Scientists try to use experimental molecules to reduce side effects of controversial diabetes drug

A newly developed experimental drug could help mitigate some of the dangerous side effects of promising diabetes drugs. Early animal trials have shown that this new combination of the raptosis is both safe and effective in helping to regulate blood sugar levels in patients with type 2 diabetes.

Scientists try to use experimental molecules to reduce side effects of controversial diabetes drug

Rosiglitazone was first approved by the FDA for human use in 1999. It is undoubtedly effective as a treatment for people with type 2 diabetes, but as more and more reports of a range of adverse reactions are reported, people are quickly starting to worry. Heart failure, osteoporosis, weight gain, and fluid retention are all studied side effects associated with rosigretone.

By 2010, it was clear that roglitazone was having a problem. Drugmaker GlaxoSmithKline is facing a series of civil lawsuits that were eventually found guilty by the U.S. government of concealing research data that suggested the drug could increase the risk of heart attack. Since then, the drug has been removed from several international markets, but it can still be used in the United States.

A recently published study from the Yale School of Public Health is the largest systematic review to date to investigate the link between roglitazone and heart problems. The study confirms that the drug does increase a person’s risk of cardiovascular problems.

“Roglitazone has long been used to treat type 2 diabetes and insulin resistance,” explained Da Young Oh, from the University of Texas Southwestern Medical Center. This medicine is very good — very effective. At the same time, however, there are still serious side effects, including weight gain, fluid retention, etc. “

The new study combines roglitazone with a new experimental small molecule compound A for testing. Activate this receptor in fat cells and some immune cells, which can improve insulin sensitivity and reduce inflammation. Omega-3 fatty acids in fish oil are a natural GPR120 activator.

Animal tests have shown that roglitazone and compound A work together to reduce insulin sensitivity in diabetic mouse models. Most importantly, this combination of treatments allows low doses of roglitazone to produce results similar to those seen in higher doses with more problems.

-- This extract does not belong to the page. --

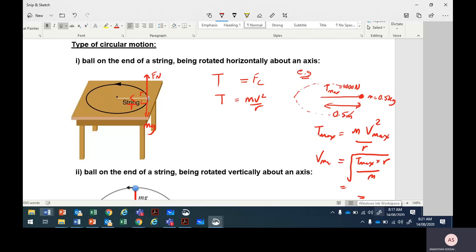Centripetal force is a type of force required to make an object move in a circular path — it always acts towards the center. Some other forces contribute to the centripetal force. Centripetal force is a net force — it's the name given to the net force acting towards the center. Last time you called it net force, but now for circular motion it has a special name: centripetal force.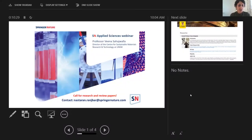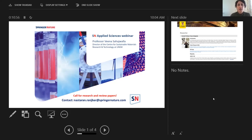Welcome, good morning. My name is Nastaran Ranbbar and I am a managing editor of SN Applied Sciences. Just before we go to our main topic, I wanted to give you a short introduction about SN Applied Sciences. This journal was launched in 2018 — it is a multidisciplinary, interdisciplinary journal which bridges different fields such as chemistry, physics, engineering, and earth and environmental science. Since December last year, the journal is fully open access and looking forward to receiving high quality research and review articles.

“The ultra-low dosewed we used in this study did not show any side effects in mouse models — no weight gain, no fluid retention,” da Young Oh said. “Hopefully we can use roglitazone in a lower dose to treat people with type 2 diabetes in a more effective way without side effects.” “

At this stage, animal studies have not specifically demonstrated that this combination of therapy directly alleviates osteoporosis and heart problems that occur after humans take roglitazone. While the study does assume that lower doses of roglitazone may avoid higher doses of dangerous adverse reactions, this needs to be validated in future studies.

Compound A was developed by Merck, one of the world’s largest pharmaceutical companies. At this stage, it is still an early research drug, so we still have a long way to go before we see this new roglitazone combination therapy being used clinically.

The new study is published in the journal Cell Metabolism.